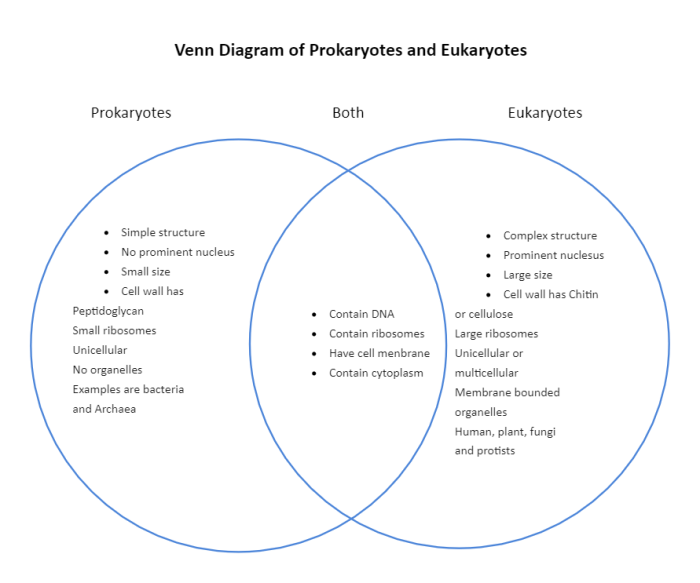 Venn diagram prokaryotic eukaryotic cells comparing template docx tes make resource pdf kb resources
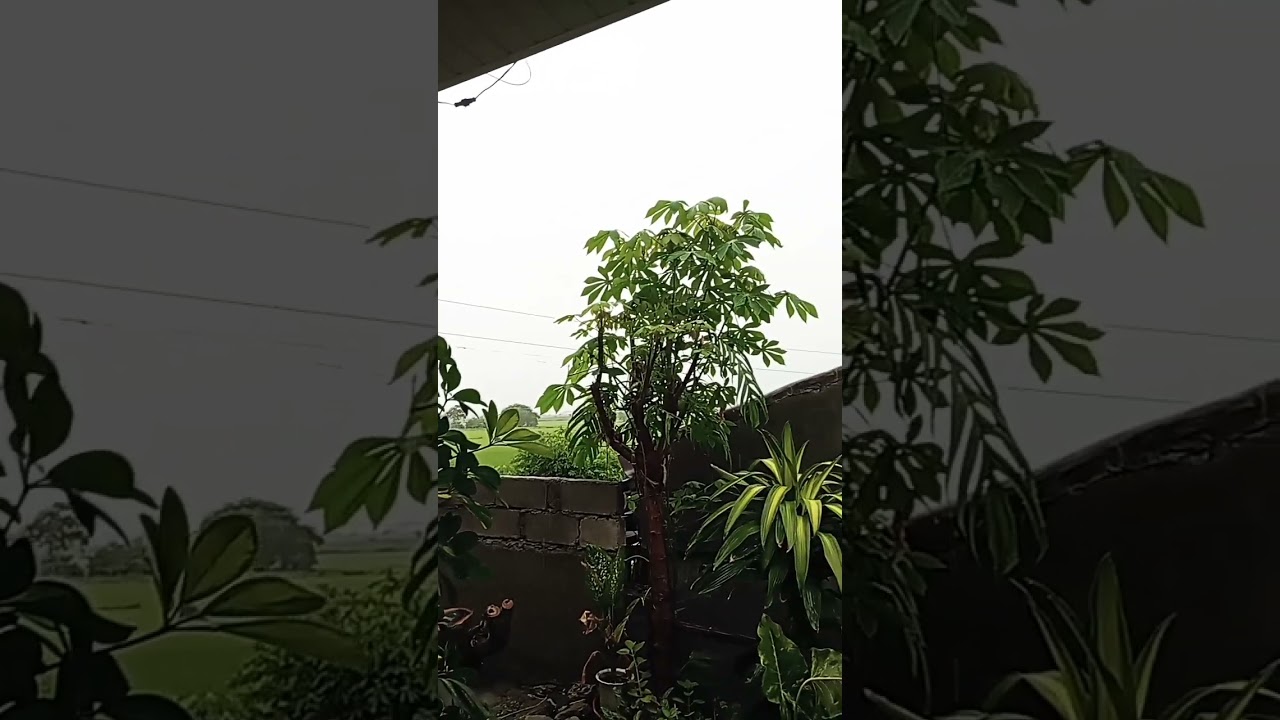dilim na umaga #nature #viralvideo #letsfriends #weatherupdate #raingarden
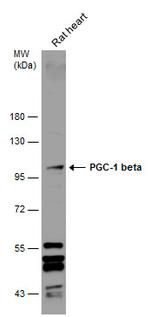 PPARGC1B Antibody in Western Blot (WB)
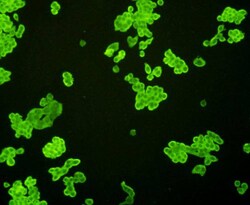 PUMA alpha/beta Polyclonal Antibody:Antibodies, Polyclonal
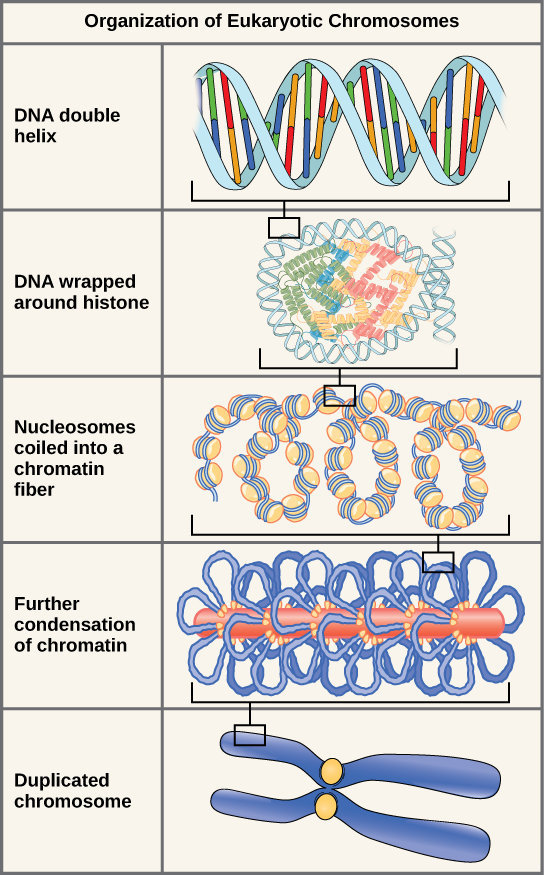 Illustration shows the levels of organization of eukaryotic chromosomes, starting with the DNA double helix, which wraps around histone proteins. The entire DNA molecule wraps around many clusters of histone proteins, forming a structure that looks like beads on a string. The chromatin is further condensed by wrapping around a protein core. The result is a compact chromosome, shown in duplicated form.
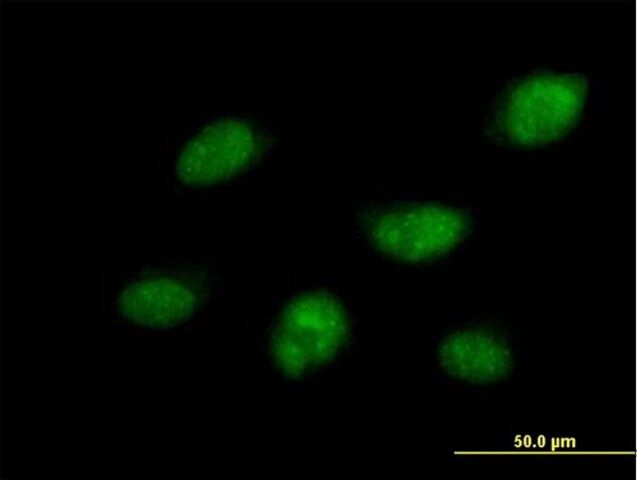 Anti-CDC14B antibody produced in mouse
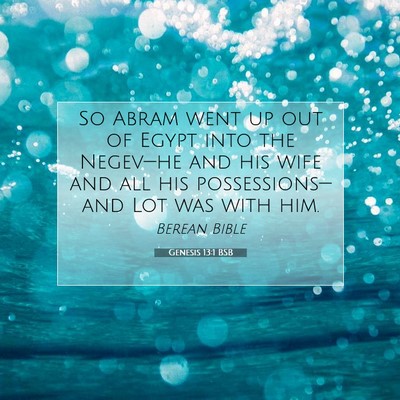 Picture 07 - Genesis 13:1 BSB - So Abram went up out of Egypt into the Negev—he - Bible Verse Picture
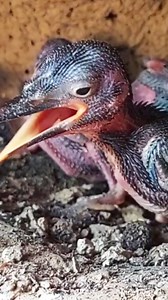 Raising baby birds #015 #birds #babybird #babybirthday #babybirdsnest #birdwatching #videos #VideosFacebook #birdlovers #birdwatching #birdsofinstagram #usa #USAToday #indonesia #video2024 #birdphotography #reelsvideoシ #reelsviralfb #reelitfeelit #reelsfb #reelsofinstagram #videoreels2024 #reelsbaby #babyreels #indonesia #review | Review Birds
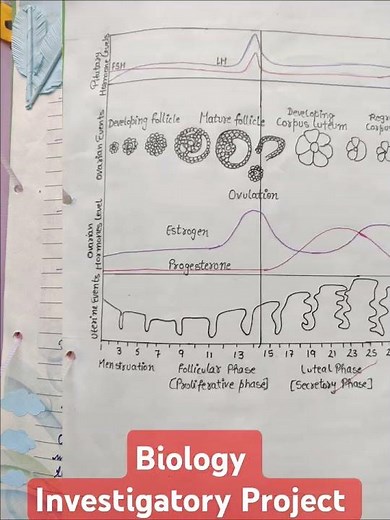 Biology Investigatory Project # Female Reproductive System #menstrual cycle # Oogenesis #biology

········

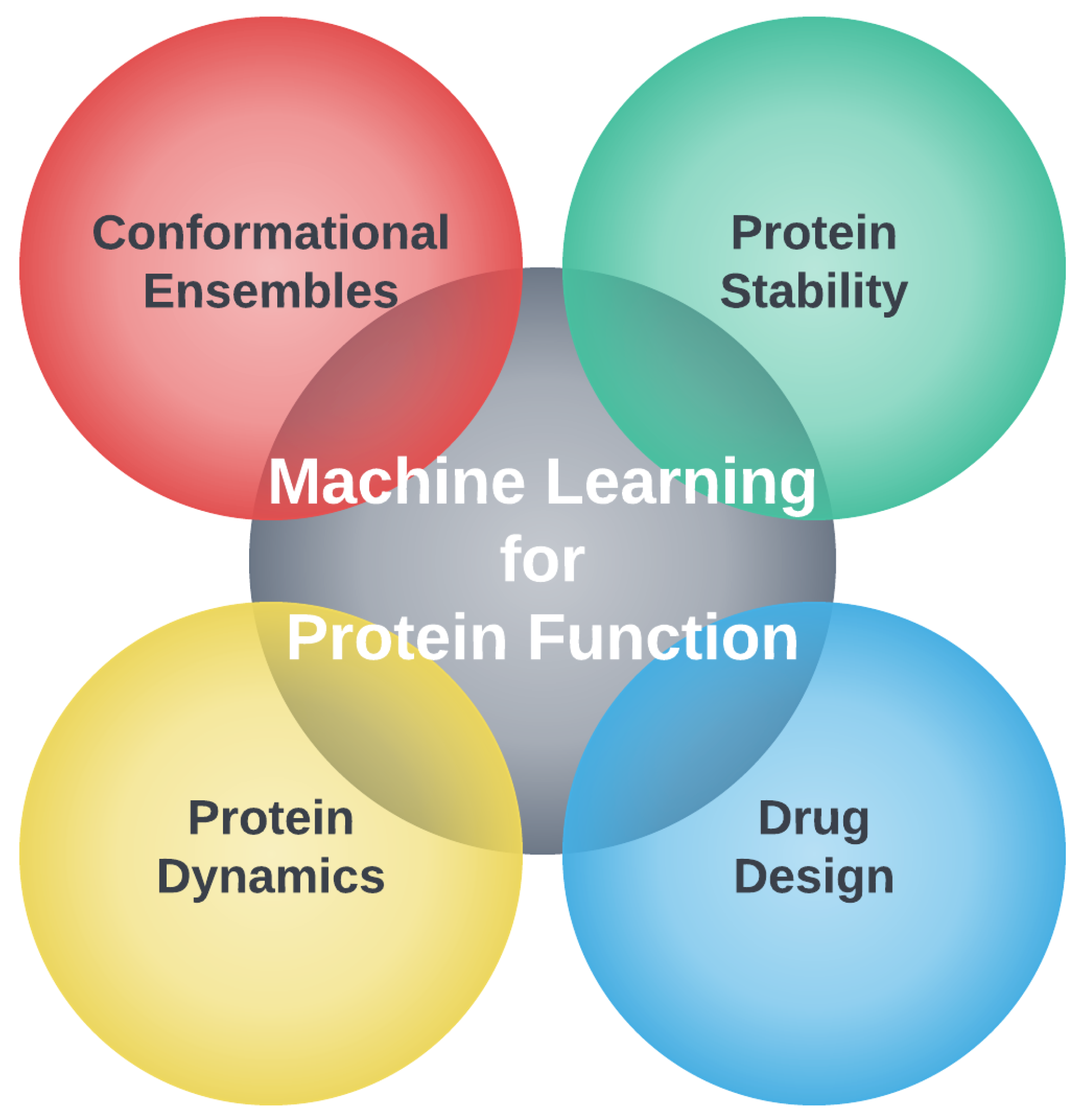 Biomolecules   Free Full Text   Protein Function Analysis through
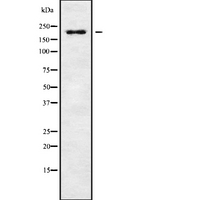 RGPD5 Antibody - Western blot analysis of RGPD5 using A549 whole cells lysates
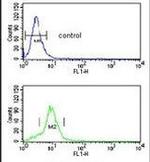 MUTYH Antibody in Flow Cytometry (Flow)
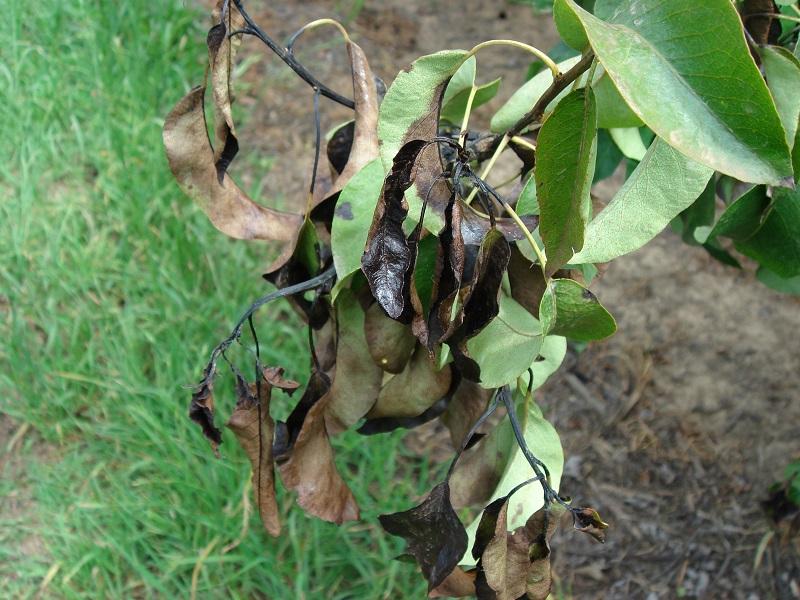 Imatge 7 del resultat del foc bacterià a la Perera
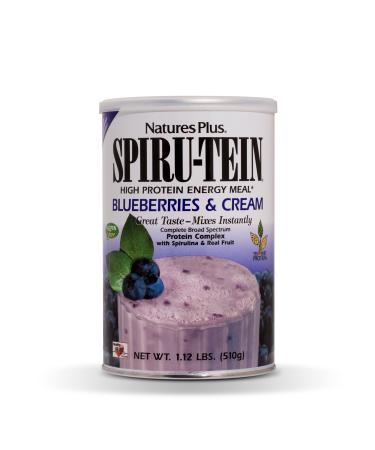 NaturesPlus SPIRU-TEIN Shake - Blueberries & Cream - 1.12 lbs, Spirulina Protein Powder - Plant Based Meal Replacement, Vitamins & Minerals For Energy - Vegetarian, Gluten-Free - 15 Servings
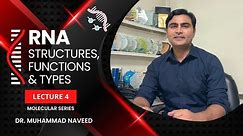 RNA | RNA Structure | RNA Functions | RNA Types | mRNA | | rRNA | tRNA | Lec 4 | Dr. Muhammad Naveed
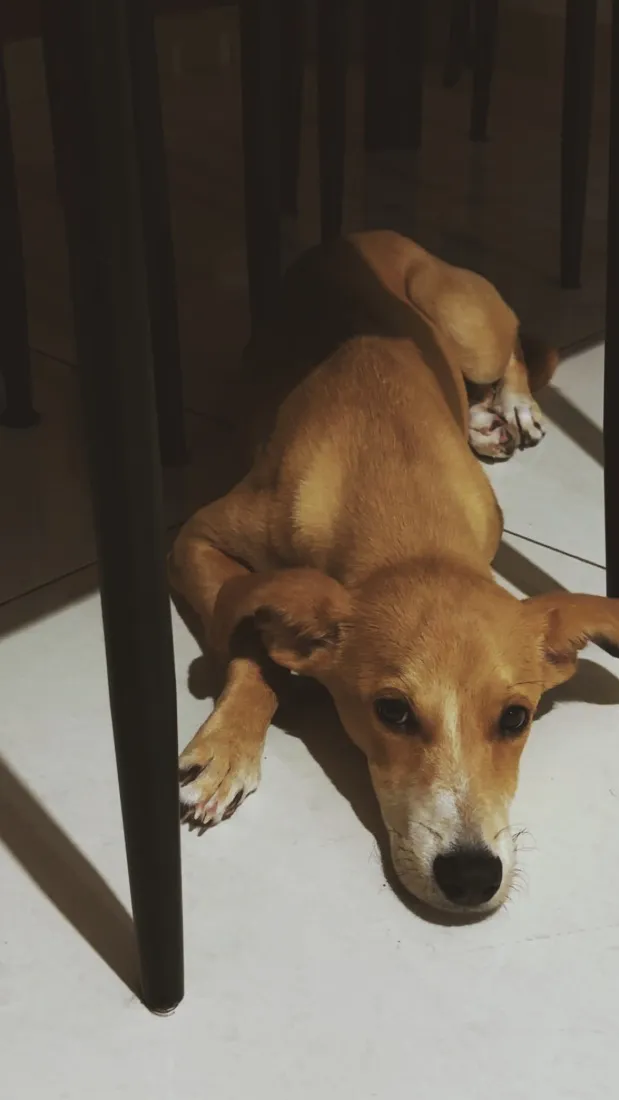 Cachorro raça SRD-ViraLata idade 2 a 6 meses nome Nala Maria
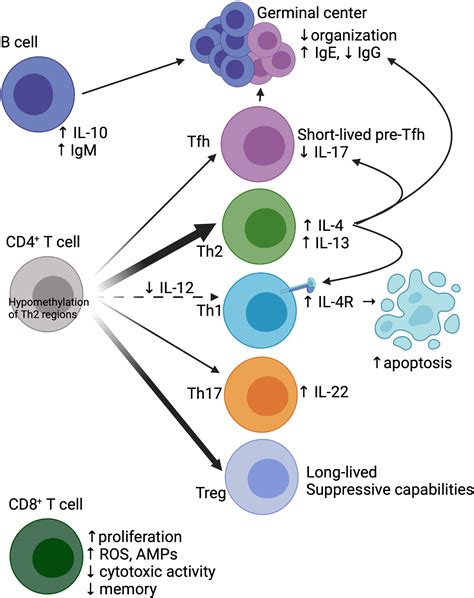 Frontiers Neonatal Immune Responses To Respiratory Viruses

········

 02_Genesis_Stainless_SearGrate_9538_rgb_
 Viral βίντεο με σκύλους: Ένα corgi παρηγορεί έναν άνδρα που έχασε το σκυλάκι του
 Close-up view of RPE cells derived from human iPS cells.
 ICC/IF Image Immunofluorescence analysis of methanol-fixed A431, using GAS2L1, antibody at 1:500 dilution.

········

■ **Work request**
Keeping every character as it is, restate the lines above that run from the line with "Viral βίντεο με" through the line with "ICC/IF Image Immunofluorescence", both included, and nothing else.

■ **Solved exercise**
 Viral βίντεο με σκύλους: Ένα corgi παρηγορεί έναν άνδρα που έχασε το σκυλάκι του
 Close-up view of RPE cells derived from human iPS cells.
 ICC/IF Image Immunofluorescence analysis of methanol-fixed A431, using GAS2L1, antibody at 1:500 dilution.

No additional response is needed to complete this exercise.